# REQUIREMENT:
I would like the line with "NTY ZPZ-AU-000 EAN: 5902048362896." and every line after it, down to the end of the entries below, output exactly and without pictures.

# DATA:
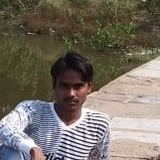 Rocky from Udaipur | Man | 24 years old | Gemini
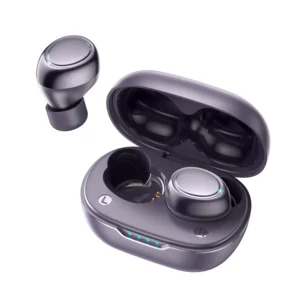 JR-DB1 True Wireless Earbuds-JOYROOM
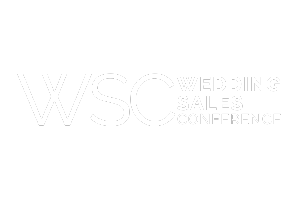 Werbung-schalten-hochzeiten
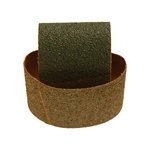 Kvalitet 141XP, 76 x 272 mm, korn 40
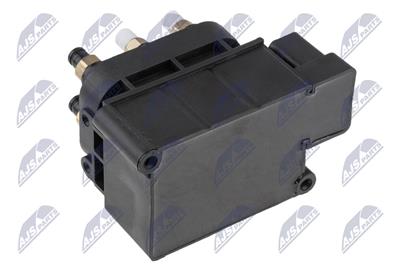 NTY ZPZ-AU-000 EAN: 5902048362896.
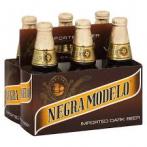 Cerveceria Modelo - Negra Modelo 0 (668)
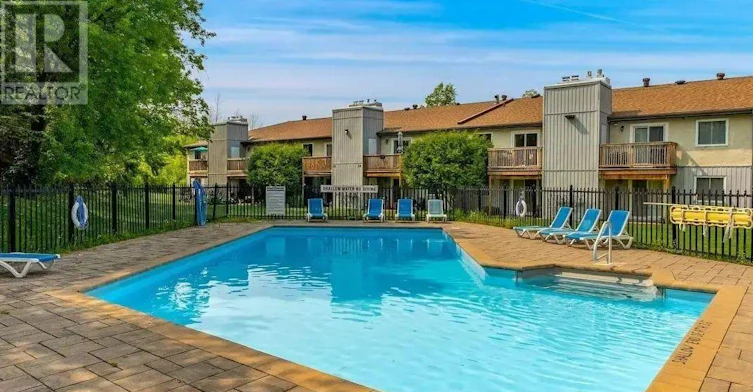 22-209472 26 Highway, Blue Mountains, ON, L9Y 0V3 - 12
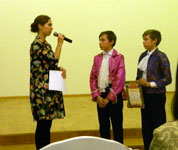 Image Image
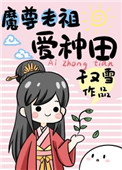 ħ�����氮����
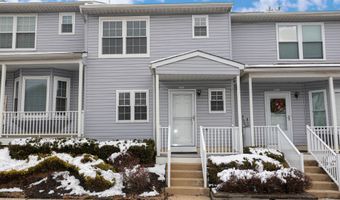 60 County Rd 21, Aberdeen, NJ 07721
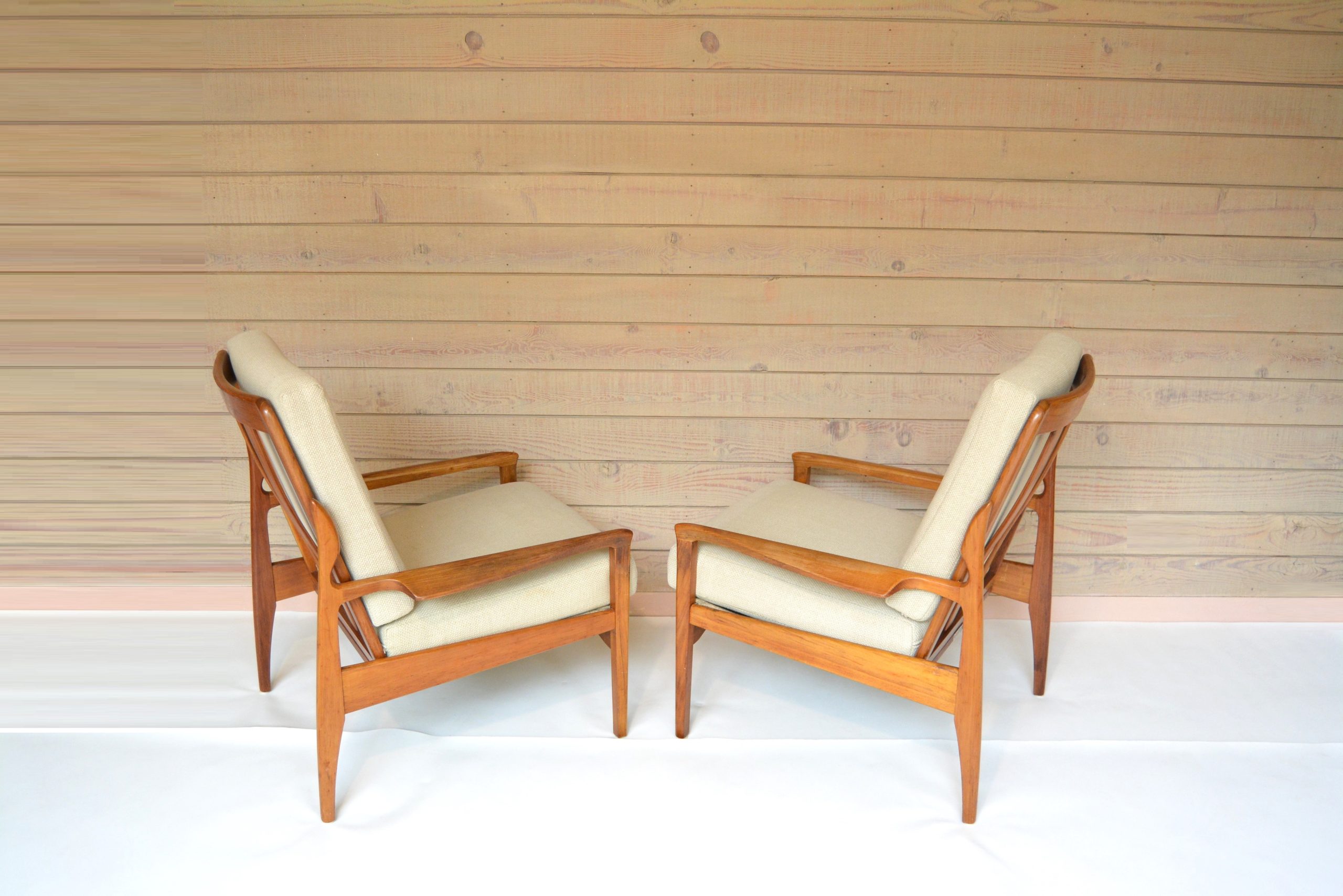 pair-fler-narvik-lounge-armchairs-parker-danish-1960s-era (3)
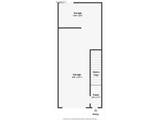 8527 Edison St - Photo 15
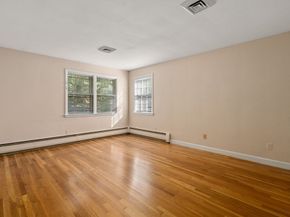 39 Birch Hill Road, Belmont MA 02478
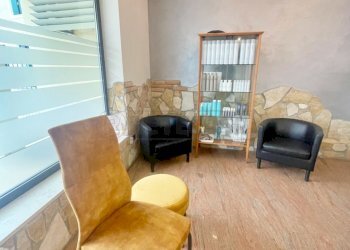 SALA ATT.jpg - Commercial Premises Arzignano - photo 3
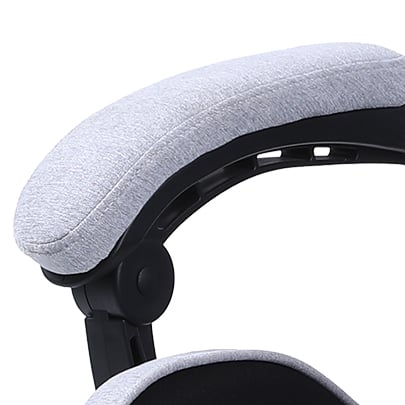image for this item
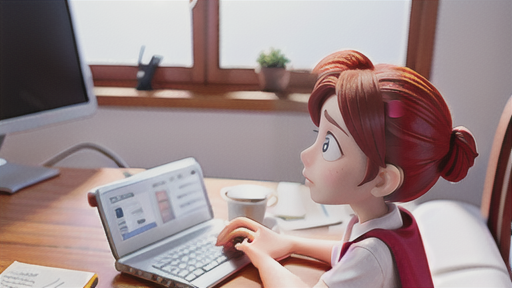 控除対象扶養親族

# EXERCISE RESPONSE:
 NTY ZPZ-AU-000 EAN: 5902048362896.
 Cerveceria Modelo - Negra Modelo 0 (668)
 22-209472 26 Highway, Blue Mountains, ON, L9Y 0V3 - 12
 Image Image
 ħ�����氮����
 60 County Rd 21, Aberdeen, NJ 07721
 pair-fler-narvik-lounge-armchairs-parker-danish-1960s-era (3)
 8527 Edison St - Photo 15
 39 Birch Hill Road, Belmont MA 02478
 SALA ATT.jpg - Commercial Premises Arzignano - photo 3
image for this item
 控除対象扶養親族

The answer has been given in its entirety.